Cricket

Using R to calculate better cricket statistics… or, how to revolutionise the way we slag off Ian Bell.

Have you ever been bothered by the idea of career batting averages, how it doesn’t reflect a player’s form, and how it’s unfair to compare averages of cricketers who’ve played over a hundred tests to cricketers who’ve played maybe thirty since one bad innings will damage the experienced cricketer’s average way less than the relative newcomer?

Well, you’re not alone. I’ve always thought that cricinfo should report a ten-innings rolling average. Occasionally you get a stat like “Cook is averaging 60 or so in the last few matches” or whatever, but there’s no functionality on cricinfo or statsguru to be able to look that up.

Enter R. R is a free open-source statistical programme that I normally use for my ERP research, but it’s also the next best thing after Andy Zaltzman for settling arguments about cricket statistics.

I’ve written some R code which can take any cricketer on cricinfo and spit out a ten-innings rolling average to show fluctuations in form. Plotting it with ggplot2 can show a player’s peaks and troughs as compared to their career average, and can hopefully be used as a much more objective way of saying whether or not somebody’s playing badly.

Alastair Cook has been a lightning rod for criticism in the last couple of years. He scored heavily in his first few matches as England captain, and for a little while it seemed as though captaincy would improve his batting, but then he went into a long slump. He recently broke his century drought, and people are divided over whether he’s finally hitting form again or whether this is a dead cat bounce on an inevitable decline. Some people take his last five Tests and say he’s back; others take his last year or two in Tests and say he’s lost it. What is missing from all the misspelled derision in the comments under any article about Cook is a ten-innings rolling average and how it changes over time.

Cook

Alastair Cook: rolling and cumulative averages

This graph shows Cook’s peaks and troughs in form quite nicely. The big one in the middle where he averaged about 120 over ten innings is a combination of his mammoth 2010-11 Ashes series and the home series against Sri Lanka where he scored three centuries in four innings. His recent slump can be seen in the extended low from his 160th innings and onwards, where his rolling average went down to below 20. Now, though, it’s clear that not only has he regained some form, he’s actually on one of the better runs of his career.

Similarly, it seems like commentators and online commenters alike feel like Gary Ballance should be dropped because he’s on a terrible run of form. Certainly, he’s had a few disappointing innings against the West Indies and New Zealand lately, but is his form that bad?

Gary Ballance: rolling and cumulative averages

Gary Ballance: rolling and cumulative averages

…no, no it isn’t. He’s still averaging 40 in his last ten innings.

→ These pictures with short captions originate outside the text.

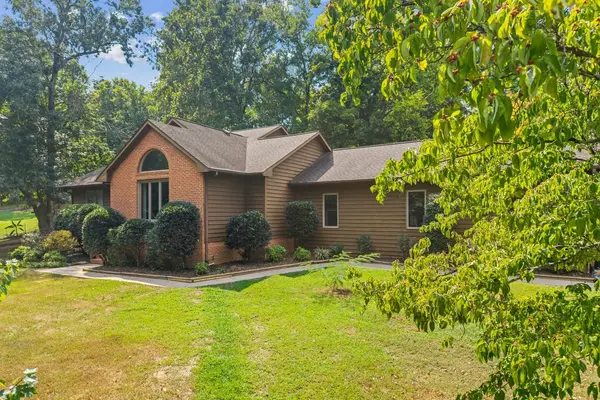 1990 Rock Springs Rd, Columbia, TN 38401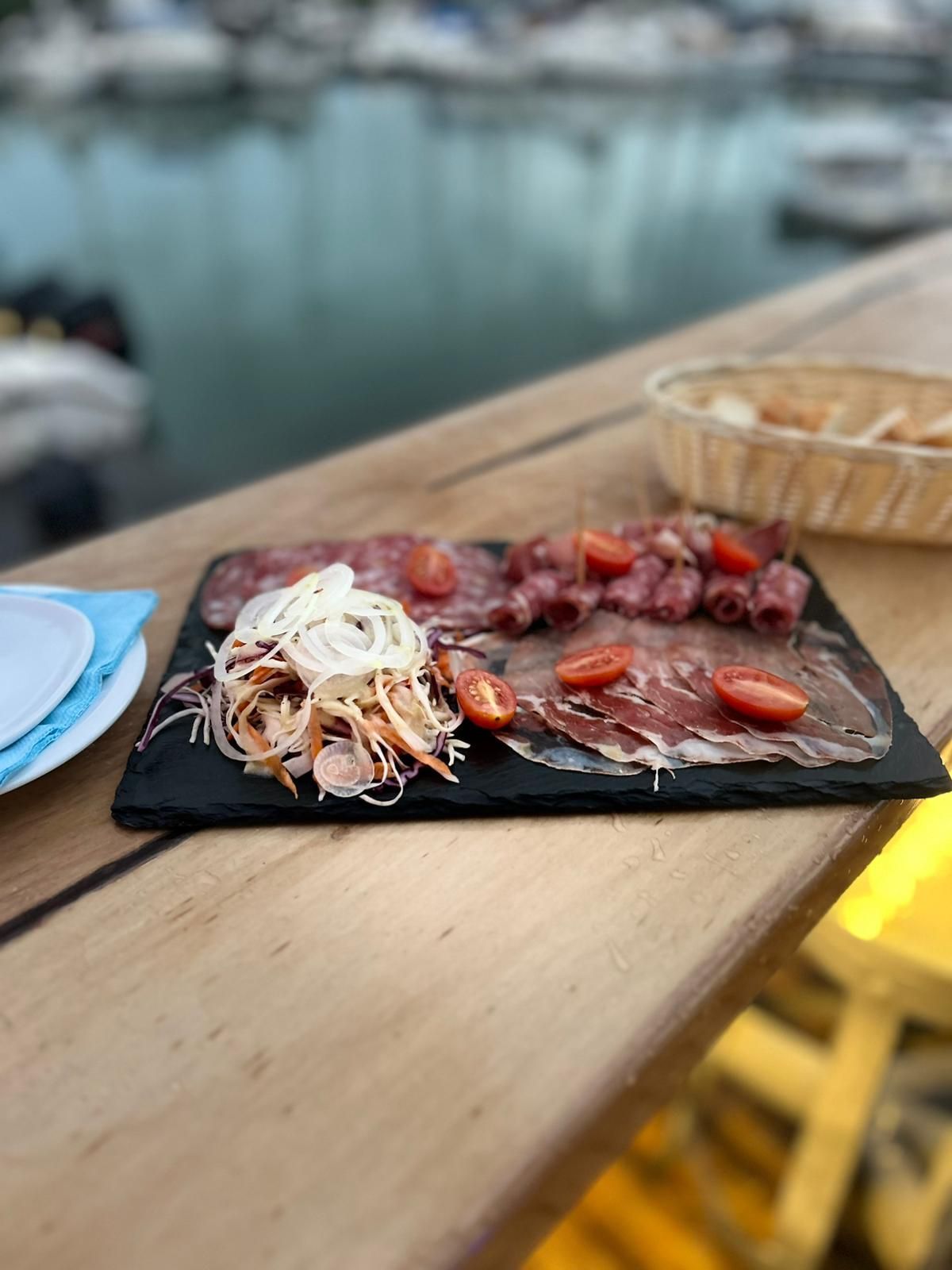 Assiette de charcuterie apéritive.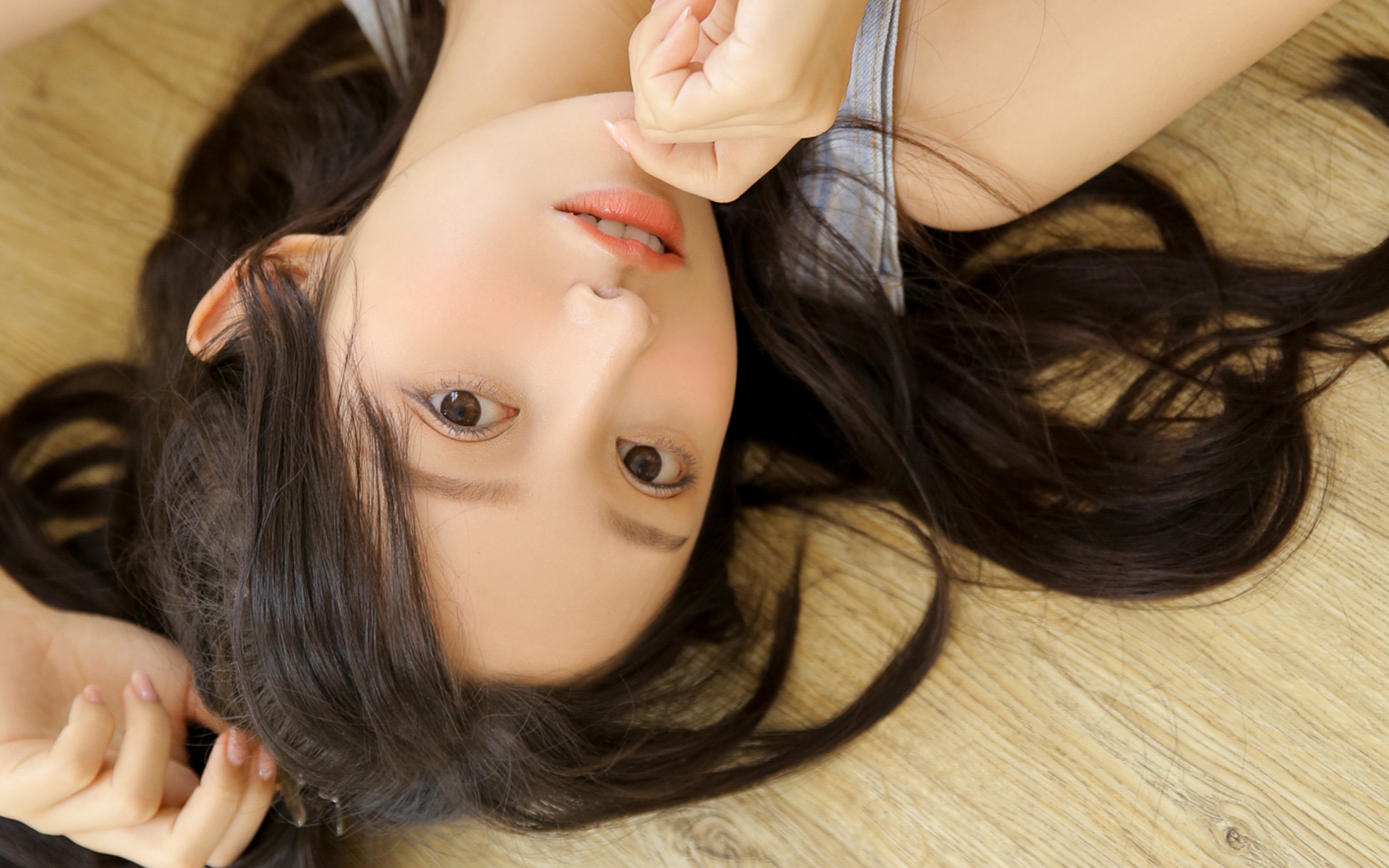 五种职业女人工资不高眼光高,女生不要找这几种职业谈恋爱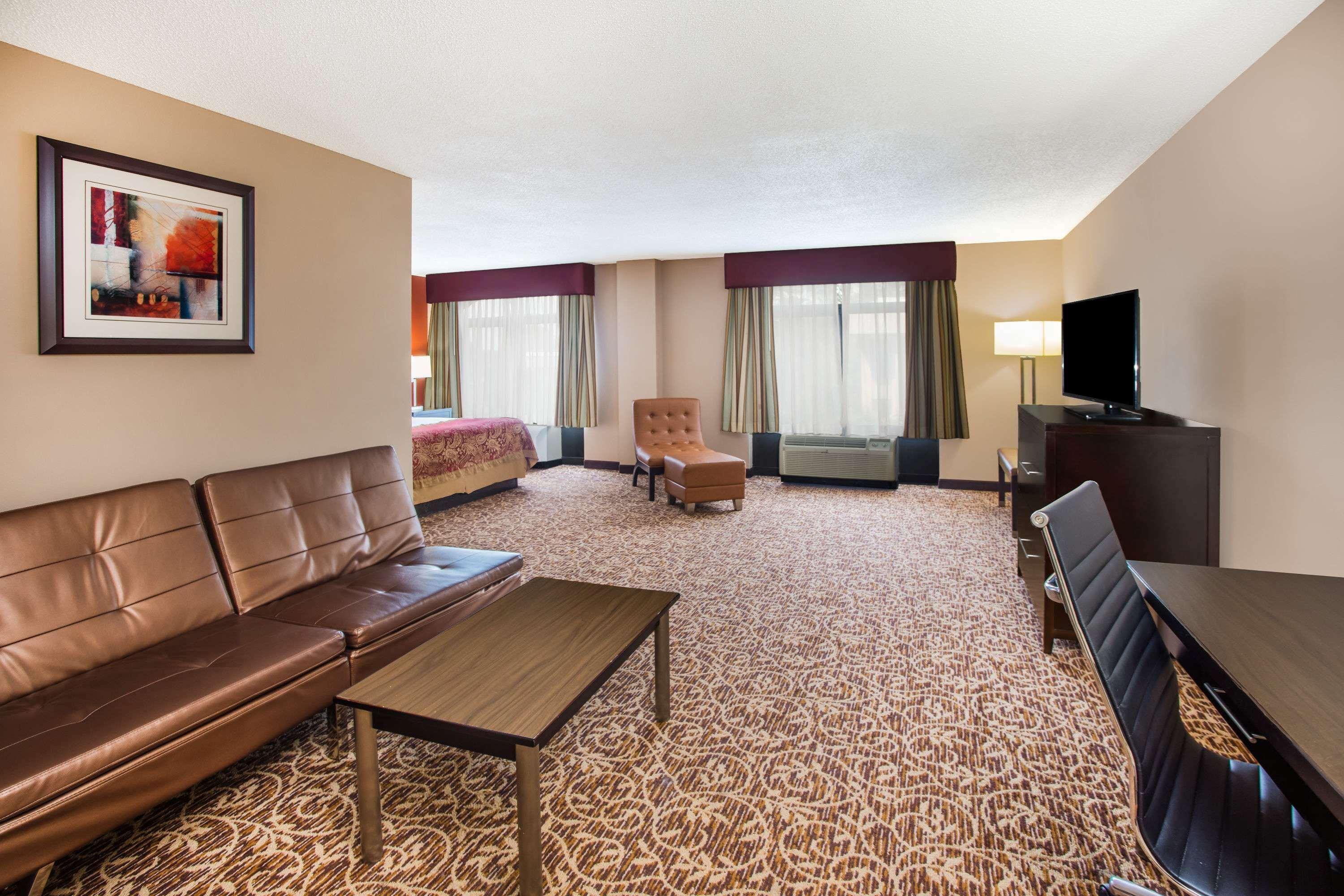 Wingate By Wyndham Atlanta Galleria/ Ballpark Smyrna Buitenkant foto
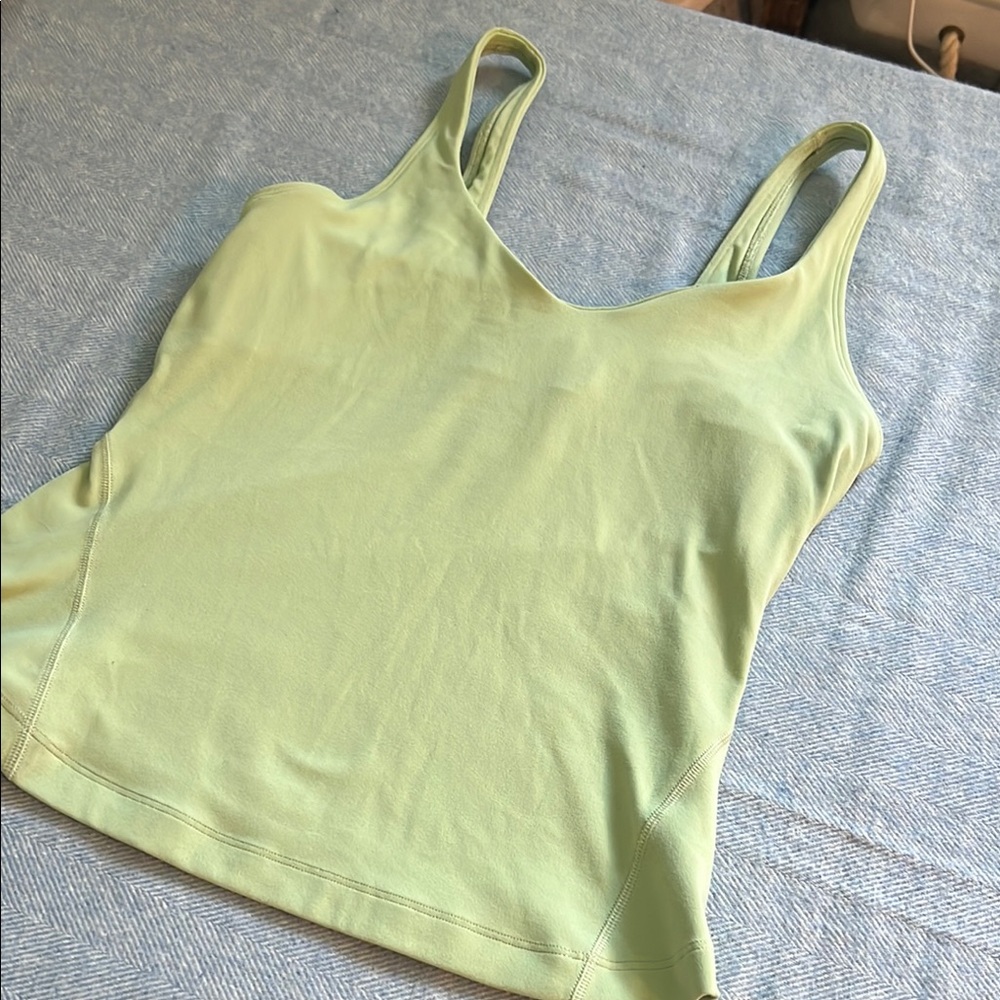 SOLD Lululemon Athletica Green Fitted Sleeveless Camisole - Picture 2 of 6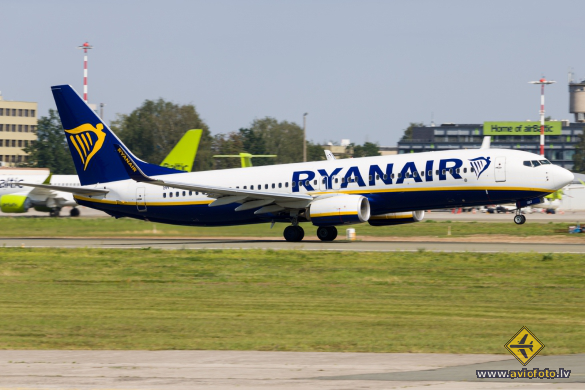 Boeing 737-8AS
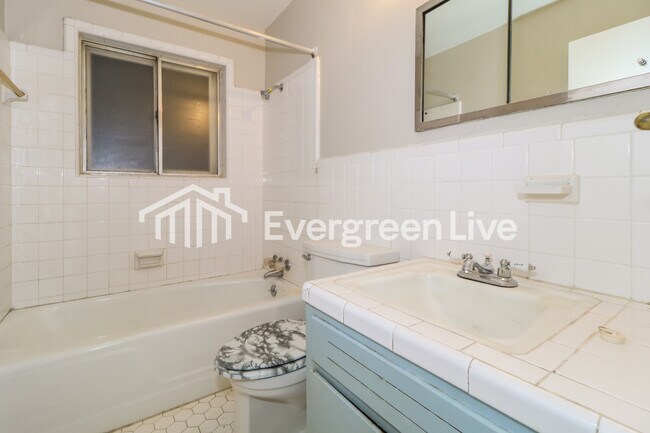 Building Photo - 5013 Knight Arnold Rd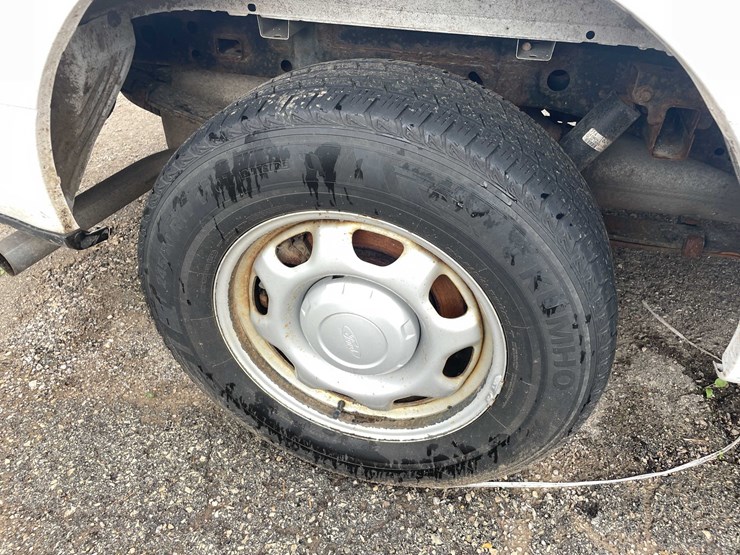 2017-ford-f150-xl-image-73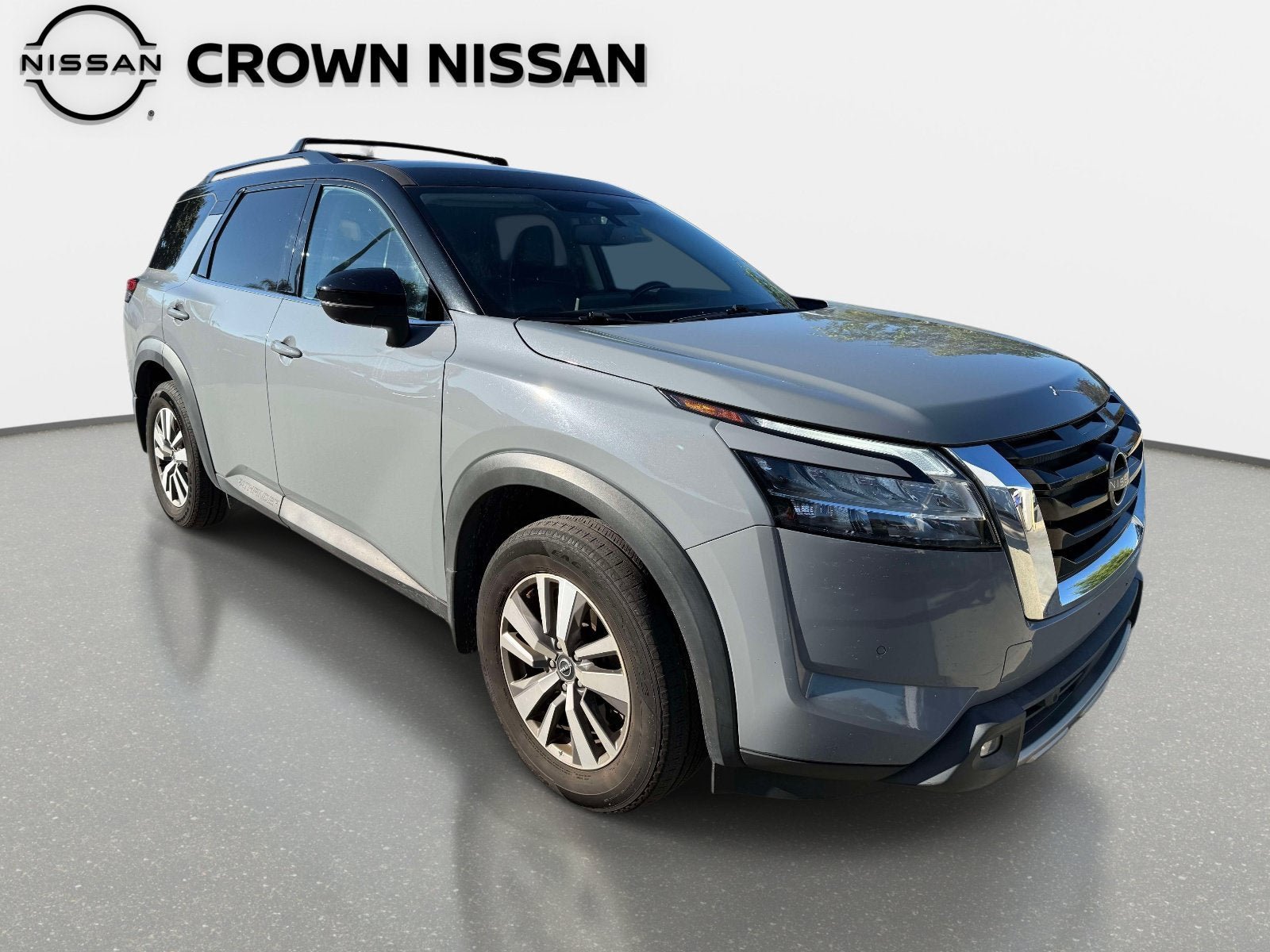 Used 2022 Nissan Pathfinder SL AWD/4WD image 9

If anything, it’s Ian Bell who should be dropped because of bad form:

Bell

Bell’s average has had a few serious drops recently, going down to 20 after a poor Ashes series in Australia (along with pretty much every other England player too), rebounding a bit after a healthy home series against India, and then plummeting back down to 20 after two bad series against West Indies and New Zealand. Unlike Cook, however, Bell never seems to stay in a rut of bad form for very long… but that never stops his detractors from claiming he hasn’t been good since 2011.

The missing bit in the cumulative average line, by the way, is from where Bell averaged a triple Bradman-esque 297 after his first three innings against West Indies and Bangladesh, which were 70, 65*, and 162*.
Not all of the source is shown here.